In-medium Pions and Partial Restoration of Chiral Symmetry: a model-independent analysis

TL;DR

This paper derives a model-independent relation connecting the in-medium quark condensate to pion properties in nuclear matter, showing that pion-nucleus interactions imply partial chiral symmetry restoration without needing in-medium pion mass data.

Contribution

It introduces a novel, model-independent formula linking the in-medium quark condensate to pion decay constant and wave function renormalization, based on QCD operator relations.

Findings

Enhanced pion-nucleus repulsion indicates reduced quark condensate in medium.

The in-medium quark condensate can be inferred without knowing the in-medium pion mass.

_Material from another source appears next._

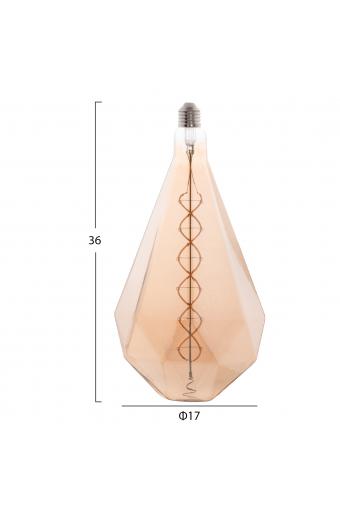 ΛΑΜΠΤΗΡΑΣ LED FILAMENT 8W E27 3000K GOLD COLOR DIMMABLE HM4057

The analysis supports partial restoration of chiral symmetry in nuclear matter.

Abstract

Exploiting operator relations in QCD, we derive a novel and model-independent formula relating the in-medium quark condensate <bar-q q>* to the decay constant F*_t and the wave function renormalization constant Z* of the pion in the nuclear medium. Evaluating Z* at low density from the iso-scalar pion-nucleon scattering data, it is concluded that the enhanced repulsion of the s-wave isovector pion-nucleusinteraction observed in the deeply bound pionic atoms implies directly the reduction of the in-medium quark condensate. The knowlege of the in-medium pion mass is not necessary to reach this conclusion.